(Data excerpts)

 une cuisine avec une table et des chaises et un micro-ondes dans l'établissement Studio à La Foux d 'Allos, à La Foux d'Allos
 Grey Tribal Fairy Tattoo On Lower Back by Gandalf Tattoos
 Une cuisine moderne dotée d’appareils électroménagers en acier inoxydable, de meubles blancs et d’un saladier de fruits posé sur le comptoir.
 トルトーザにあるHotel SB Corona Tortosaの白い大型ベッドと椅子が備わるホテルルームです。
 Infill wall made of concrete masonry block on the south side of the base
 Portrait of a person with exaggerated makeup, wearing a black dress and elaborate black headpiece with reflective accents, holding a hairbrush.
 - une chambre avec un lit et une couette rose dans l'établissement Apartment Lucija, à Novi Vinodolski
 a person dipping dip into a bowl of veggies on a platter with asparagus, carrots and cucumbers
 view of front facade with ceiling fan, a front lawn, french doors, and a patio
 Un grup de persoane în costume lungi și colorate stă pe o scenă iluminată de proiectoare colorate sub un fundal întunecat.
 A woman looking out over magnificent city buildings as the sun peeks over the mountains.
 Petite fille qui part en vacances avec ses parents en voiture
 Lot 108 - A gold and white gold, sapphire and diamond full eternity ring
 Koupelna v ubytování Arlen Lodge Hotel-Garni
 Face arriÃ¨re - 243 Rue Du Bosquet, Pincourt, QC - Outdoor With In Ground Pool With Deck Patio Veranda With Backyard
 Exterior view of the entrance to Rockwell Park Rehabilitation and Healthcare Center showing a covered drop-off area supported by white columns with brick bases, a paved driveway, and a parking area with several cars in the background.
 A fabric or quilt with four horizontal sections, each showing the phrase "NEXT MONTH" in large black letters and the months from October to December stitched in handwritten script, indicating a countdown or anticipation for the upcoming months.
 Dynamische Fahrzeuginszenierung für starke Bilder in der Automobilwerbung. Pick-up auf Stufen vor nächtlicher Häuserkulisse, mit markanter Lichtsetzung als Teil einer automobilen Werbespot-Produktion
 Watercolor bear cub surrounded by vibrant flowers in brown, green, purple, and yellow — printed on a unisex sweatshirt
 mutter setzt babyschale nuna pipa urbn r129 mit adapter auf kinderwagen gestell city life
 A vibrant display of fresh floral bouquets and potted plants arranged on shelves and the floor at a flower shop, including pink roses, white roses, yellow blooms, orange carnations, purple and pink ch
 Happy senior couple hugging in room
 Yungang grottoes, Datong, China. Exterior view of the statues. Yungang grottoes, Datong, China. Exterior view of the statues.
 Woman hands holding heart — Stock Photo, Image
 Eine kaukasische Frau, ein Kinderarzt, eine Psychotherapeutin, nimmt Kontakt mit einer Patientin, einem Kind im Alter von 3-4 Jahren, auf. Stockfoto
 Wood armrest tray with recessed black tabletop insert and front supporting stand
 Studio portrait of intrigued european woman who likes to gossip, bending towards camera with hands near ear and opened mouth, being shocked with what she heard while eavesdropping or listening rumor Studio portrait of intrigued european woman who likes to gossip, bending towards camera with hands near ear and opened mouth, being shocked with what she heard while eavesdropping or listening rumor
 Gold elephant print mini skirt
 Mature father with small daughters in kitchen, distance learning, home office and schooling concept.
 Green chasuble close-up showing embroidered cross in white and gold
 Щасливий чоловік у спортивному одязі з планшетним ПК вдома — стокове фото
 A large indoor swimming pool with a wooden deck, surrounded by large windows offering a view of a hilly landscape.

# TASK BRIEF:
Repeat only the lines starting at the one that contains "Woman hands holding" and ending at the last line above, exactly as written.

# ANSWER SECTION:
 Woman hands holding heart — Stock Photo, Image
 Eine kaukasische Frau, ein Kinderarzt, eine Psychotherapeutin, nimmt Kontakt mit einer Patientin, einem Kind im Alter von 3-4 Jahren, auf. Stockfoto
 Wood armrest tray with recessed black tabletop insert and front supporting stand
 Studio portrait of intrigued european woman who likes to gossip, bending towards camera with hands near ear and opened mouth, being shocked with what she heard while eavesdropping or listening rumor Studio portrait of intrigued european woman who likes to gossip, bending towards camera with hands near ear and opened mouth, being shocked with what she heard while eavesdropping or listening rumor
 Gold elephant print mini skirt
 Mature father with small daughters in kitchen, distance learning, home office and schooling concept.
 Green chasuble close-up showing embroidered cross in white and gold
 Щасливий чоловік у спортивному одязі з планшетним ПК вдома — стокове фото
 A large indoor swimming pool with a wooden deck, surrounded by large windows offering a view of a hilly landscape.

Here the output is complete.